What you will do — Your copy should start at the line with "SteelSeries Arctis Nova" and end at the line with "Asus PRO H610M-C CSM Motherboard" in the data below. Transcribe only those lines, exactly, pictures excluded.

Stored data entries
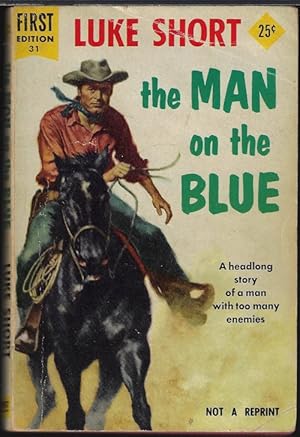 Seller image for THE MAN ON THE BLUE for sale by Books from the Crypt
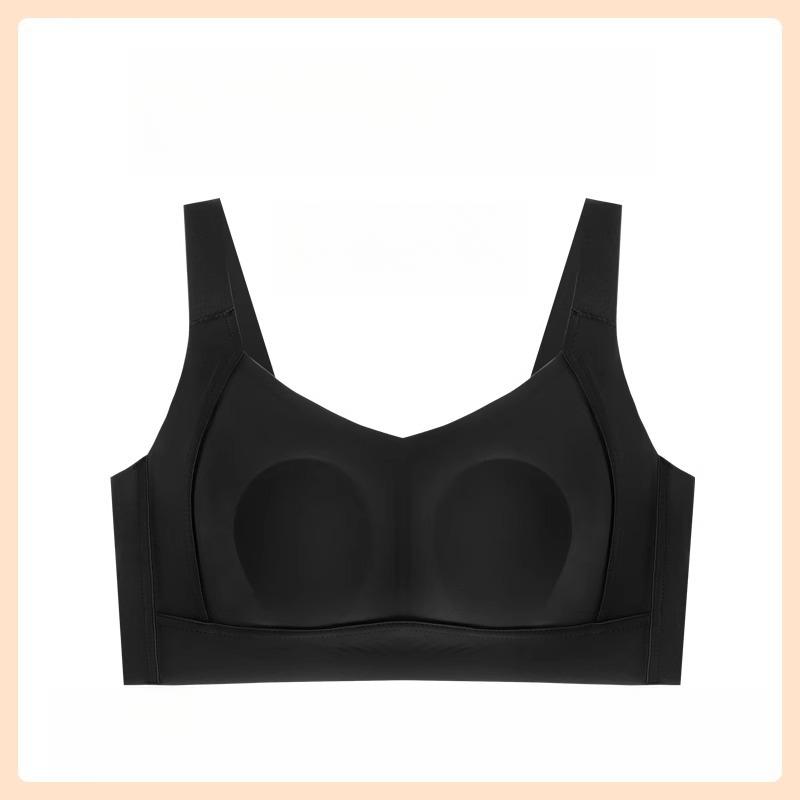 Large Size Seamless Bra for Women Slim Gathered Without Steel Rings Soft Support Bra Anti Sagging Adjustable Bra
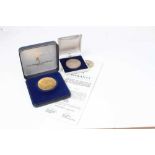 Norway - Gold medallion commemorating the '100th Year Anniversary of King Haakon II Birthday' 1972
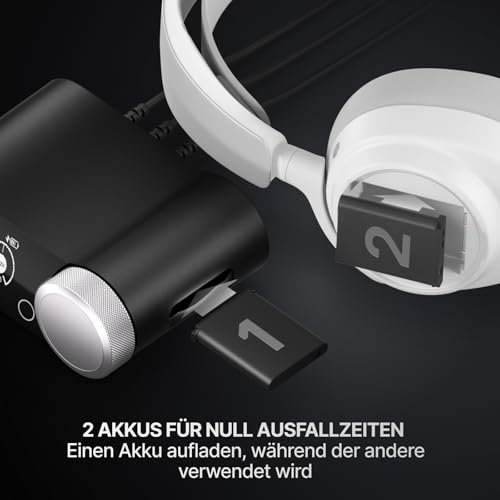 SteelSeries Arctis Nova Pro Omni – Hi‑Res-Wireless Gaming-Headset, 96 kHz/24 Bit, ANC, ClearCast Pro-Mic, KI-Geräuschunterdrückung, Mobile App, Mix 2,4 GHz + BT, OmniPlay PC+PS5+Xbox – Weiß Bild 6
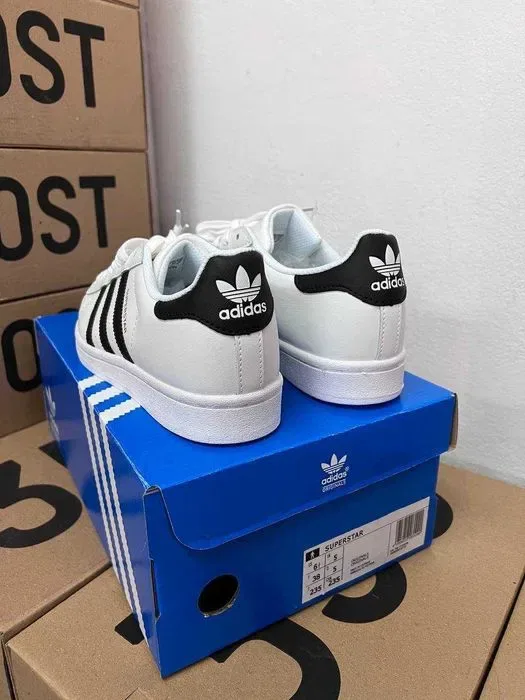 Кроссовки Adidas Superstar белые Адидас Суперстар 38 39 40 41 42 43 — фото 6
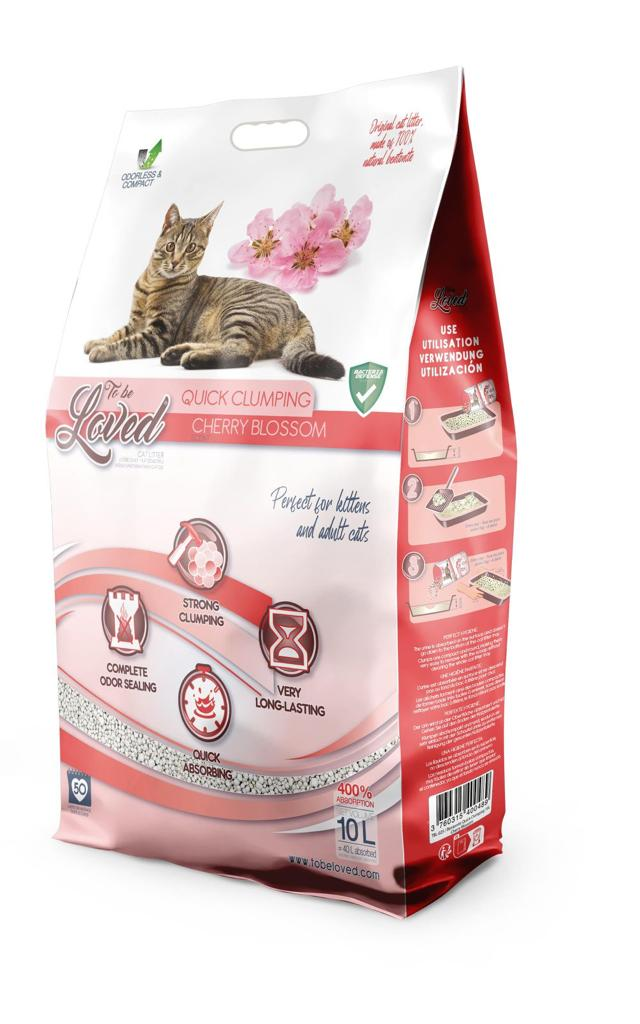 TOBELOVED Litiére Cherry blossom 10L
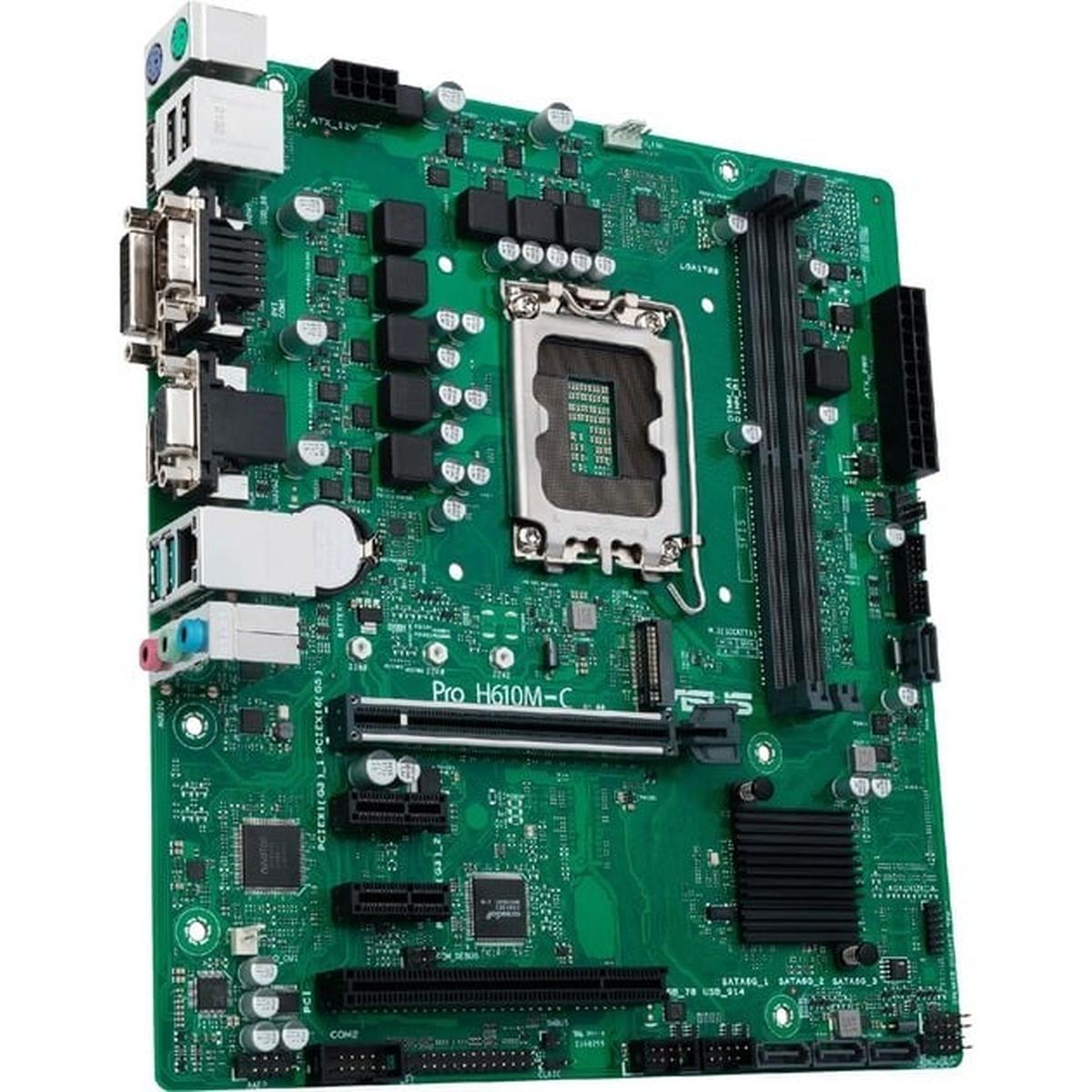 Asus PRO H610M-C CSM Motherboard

* * *

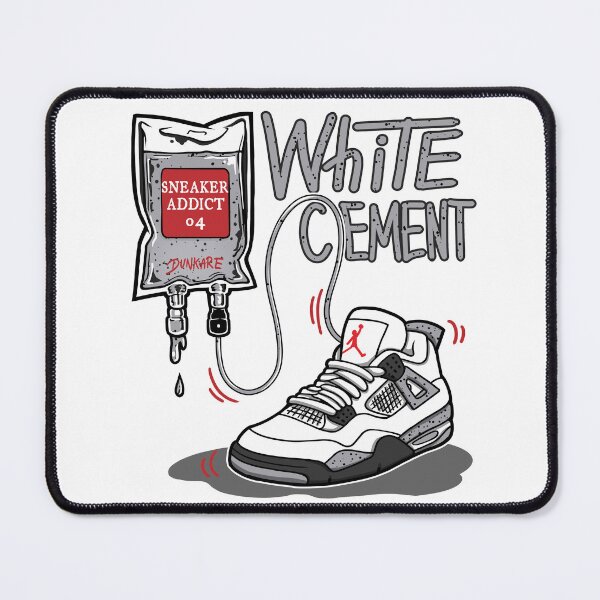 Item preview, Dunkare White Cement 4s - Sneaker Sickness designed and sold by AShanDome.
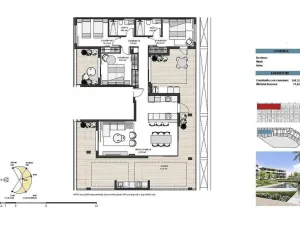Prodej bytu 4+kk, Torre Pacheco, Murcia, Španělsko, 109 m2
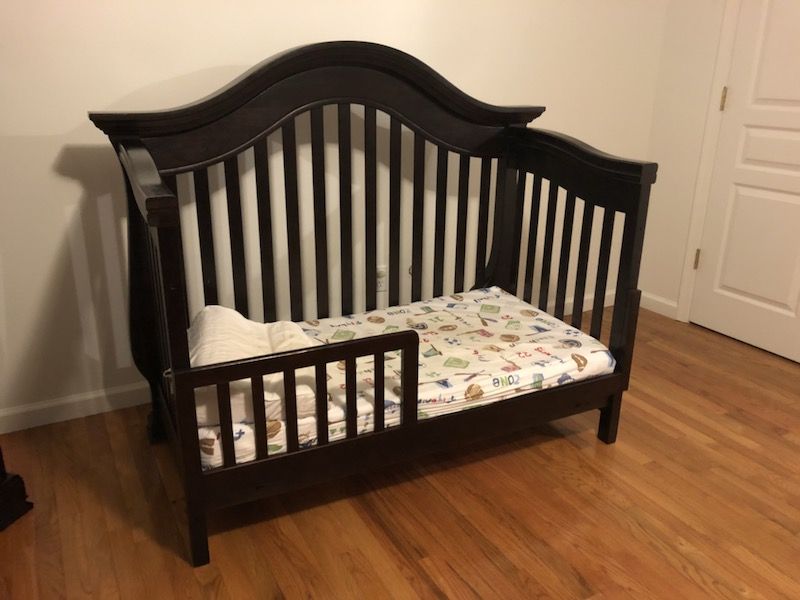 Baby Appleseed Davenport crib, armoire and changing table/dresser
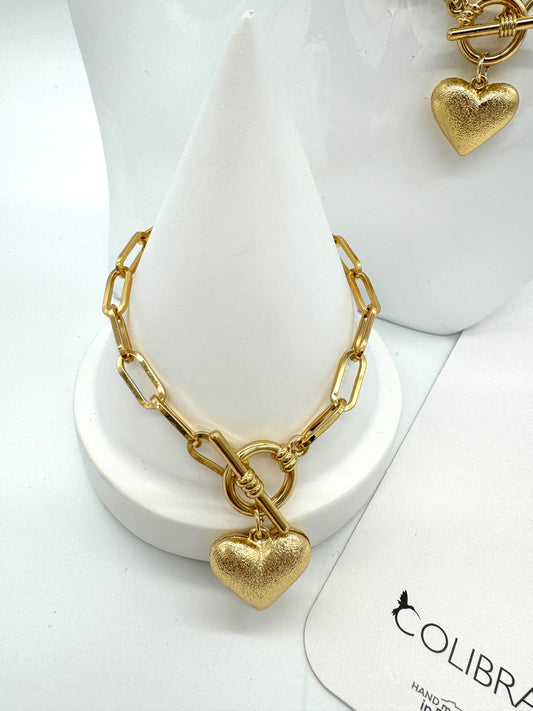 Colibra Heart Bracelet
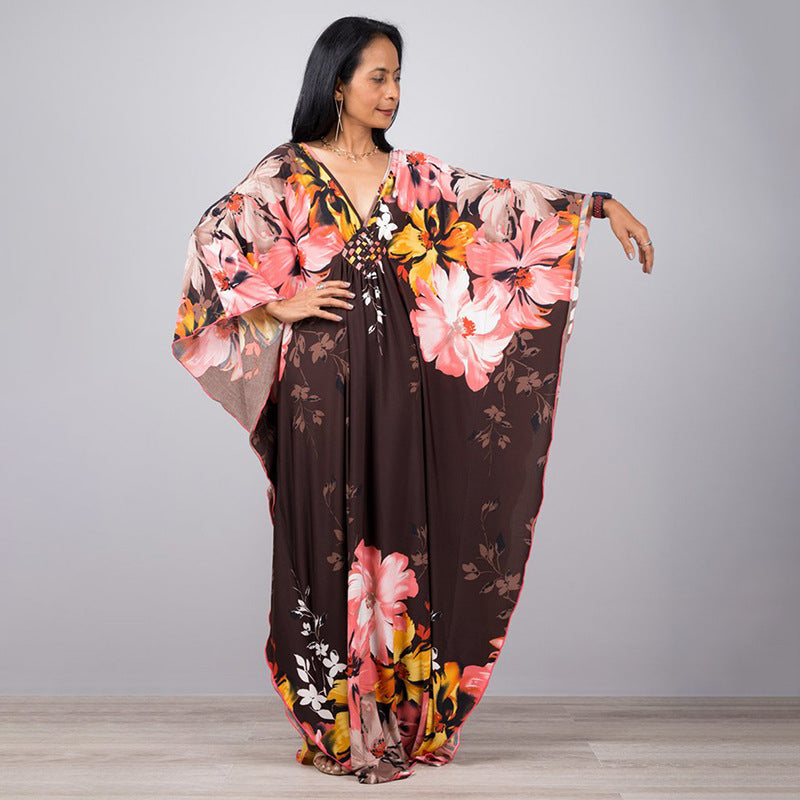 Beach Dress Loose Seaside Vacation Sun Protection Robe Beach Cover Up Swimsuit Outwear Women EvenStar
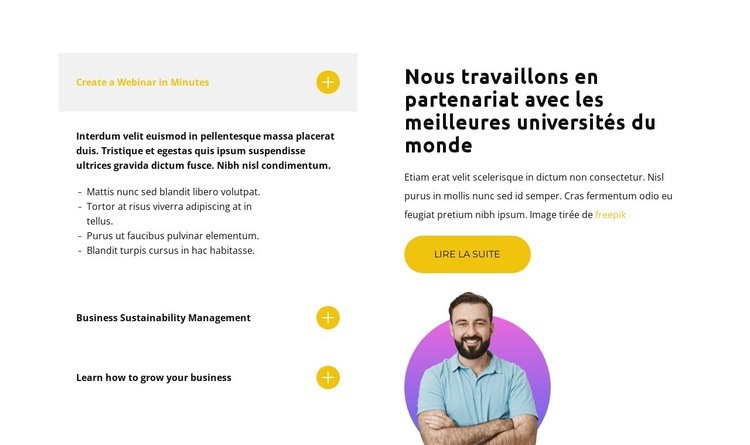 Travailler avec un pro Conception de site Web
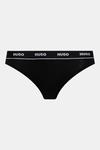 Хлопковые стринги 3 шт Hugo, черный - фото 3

Response —
 SteelSeries Arctis Nova Pro Omni – Hi‑Res-Wireless Gaming-Headset, 96 kHz/24 Bit, ANC, ClearCast Pro-Mic, KI-Geräuschunterdrückung, Mobile App, Mix 2,4 GHz + BT, OmniPlay PC+PS5+Xbox – Weiß Bild 6
 Кроссовки Adidas Superstar белые Адидас Суперстар 38 39 40 41 42 43 — фото 6
 TOBELOVED Litiére Cherry blossom 10L
 Asus PRO H610M-C CSM Motherboard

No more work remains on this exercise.